Valheim developers Iron Gate have been "getting a lot of questions regarding mods" lately, so the team has issued a statement clarifying its stance on Valheim mods in general and more specific aspects of the game's relationship with unofficial addons.
"First of all, while we don't have any official mod support, we are definitely happy to see that people are engaging with our game and creating their own mods for it," Iron Gate opens in a Steam news update. They go on to describe having a creative community around Valheim as "flattering" before getting to a more serious disclaimer about Iron Gate's liability regarding mods, pointing out that "any creating and using of mods is done at your own risks," and that "we can't guarantee mods will be compatible with newer versions of the game."

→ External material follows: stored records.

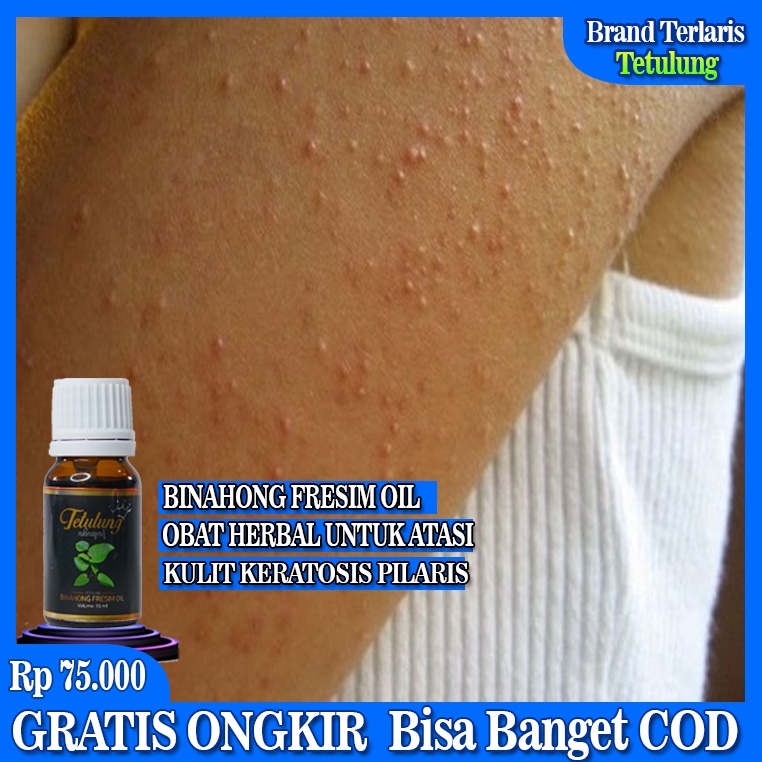 Obat Keratosis Pilaris - Penyakit Kulit Ayam - Kulit Gatal Terasa
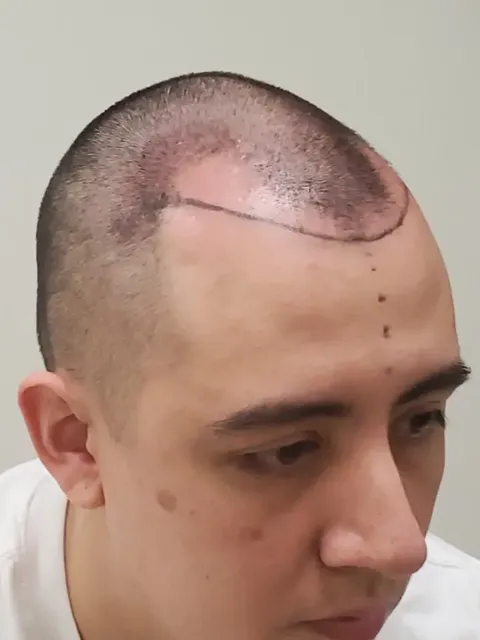 HairDot SMP comparison 24, before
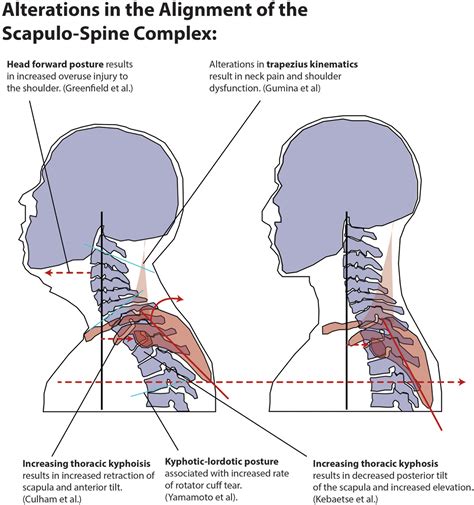 Overlapping, Masquerading, and Causative Cervical Spine and …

Iron Gate then moves on to what is apparently the most popular question surrounding Valheim mods, namely paid mods. The developer is blunt on this point. "Iron Gate does not condone locking modded content behind a paywall," the post explains. "We feel that charging money for a mod is against the creative and open spirit of modding itself, and therefore we urge all mod authors to make their mods freely available to all who want to play them."
It's worth noting Iron Gate is not entirely unsympathetic regarding the work that goes into mods, suggesting players can show support for modders with a "voluntary donation," but they are firm on the point of direct payments for access: "We do not want payment to be a requirement to access a mod". It isn't clear what Iron Gate's response would be if someone did try to sell access to a mod, whether or not they would actively seek to have that mod shut down.
Iron Gate rounds out the statement by requesting modders explicate the unofficial nature of their mods "both in the game and on any website where the mod is available." This seems slightly odd, as mods are unofficial by their nature. But Iron Gate does at least explain its reason for requesting this. "Sometimes joining a modded dedicated server will automatically trigger a download of a mod, and we simply want to avoid confusion for players so that they can know whether or not they are playing a modded game." They then point out that Valheim "already has a feature" for flagging modded servers, which probably should have been pointed out first, as otherwise it sounds like they're asking modders to take an additional step.
It's been a while since the argument over paid mods was dug up. Way back in 2015, Valve briefly had a paid mods feature in Skyrim's steam workshop, but dropped the idea after a vicious backlash. Gabe Newell maintained that Valve would allow modders to be paid back in 2017, but so far no system has emerged to replace it. Perhaps that's because these days, most modders who want to make bank from their mods, such as Team Beef, do so via Patreon and other subscription services, enabling players to support them financially without necessitating direct transactions for specific mods.